Interpretive Summary: Campylobacter spp. are import foodborne pathogens frequently associated with raw poultry. To date there are no universally accepted methods for isolation of campylobacters from a wide range of sample types and optimization of recovery methodology is needed. For most Campylobacter selective enrichment methods, little concern has been given to the actual culture vessel used to hold the sample during the incubation period. The upper surface area of a culture medium that is exposed to the gaseous headspace in a container could be important to ensure adequate gas exchange when attempting to recover organisms such as Campylobacter which require a modified atmosphere (less oxygen and more carbon dioxide than room air normally contains) for growth. The purpose of this study was to determine if the type of culture vessel used during incubation of an enrichment medium would affect recovery of Campylobacter spp. from processed broiler rinse samples. Freshly processed broiler carcasses were rinsed and the rinses serially diluted. The diluted rinses were mixed with an equal volume of 2x Bolton enrichment broth (BEB; with or without blood) and placed in a variety of different container types for incubation and recovery of Campylobacter. Differences were observed in recovery of Campylobacter spp. from samples incubated in different vessels. BEB in vented tissue culture flasks recovered campylobacters from significantly more samples at higher dilutions than did BEB in resealable plastic bags (P<0.05) likely due to gas permeability of the bags and greater media surface area in the flasks. Blood-free BEB in vented tissue culture flasks was found to give an equivalent rate of Campylobacter recovery as BEB and is suggested for use in recovering Campylobacter from this sample type. This information will be of use to scientists in academia, government and commercial analytical laboratories to improve recovery of campylobacters.
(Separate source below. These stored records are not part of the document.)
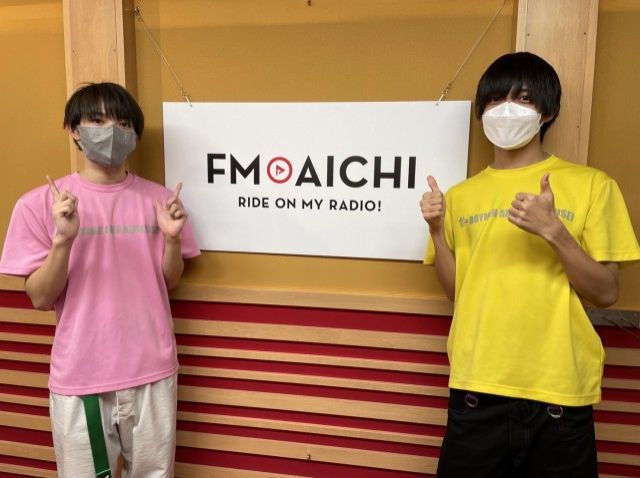2022年10月31日(月)ON AIR！今週のテーマは、「愛知県のナンバーワン」
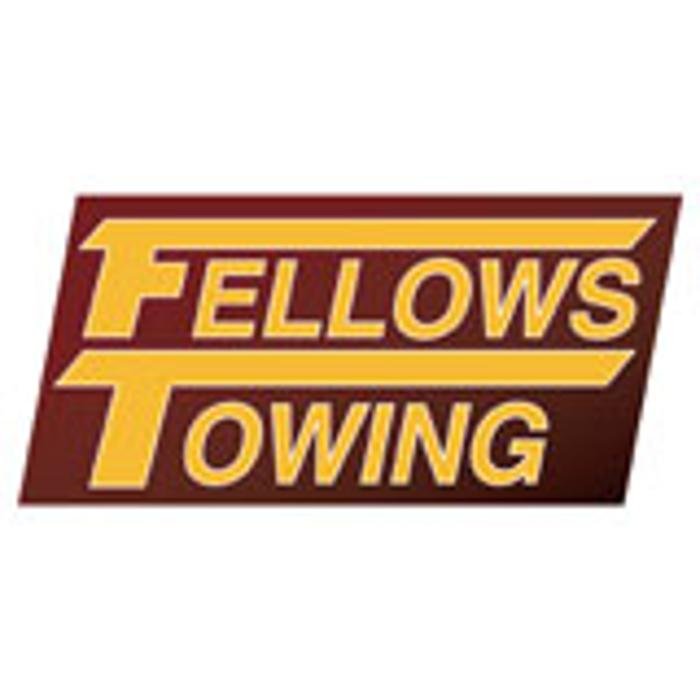 FELLOWS TOWING 12 Coad Road Trenton Ontario Towing Phone Number 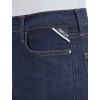 STRAIGHT FIT JULYE JEANS γυναικειο τζιν μπλε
Technical Abstract: Campylobacter spp. are import foodborne pathogens frequently associated with raw poultry. To date there are no universally accepted methods for isolation of campylobacters from a wide range of sample types and optimization of recovery methodology is needed. For most Campylobacter selective enrichment methods, little concern has been given to the actual culture vessel utilized during the incubation period. The upper surface area of a culture medium that is exposed to the gaseous headspace in a container could be important for adequate gas exchange when attempting to recover organisms such as Campylobacter requiring a modified atmosphere for growth. The purpose of this study was to determine if the type of culture vessel used during incubation of an enrichment medium would affect recovery of Campylobacter spp. from processed broiler rinse samples. Freshly processed broiler carcasses were rinsed and the rinses serially diluted. The diluted rinses were mixed with an equal volume of 2x Bolton enrichment broth (BEB; with or without blood) and placed in a variety of different container types for incubation and recovery of Campylobacter. Differences were observed in recovery of Campylobacter spp. from samples incubated in different vessels. BEB in tissue culture flasks recovered campylobacter from significantly more samples at higher dilutions than did BEB in resealable plastic bags (P<0.05) likely due to gas permeability of the bags and greater media surface area in the flasks. Blood-free BEB in vented tissue culture flasks was found to give an equivalent rate of Campylobacter recovery as BEB for this sample type.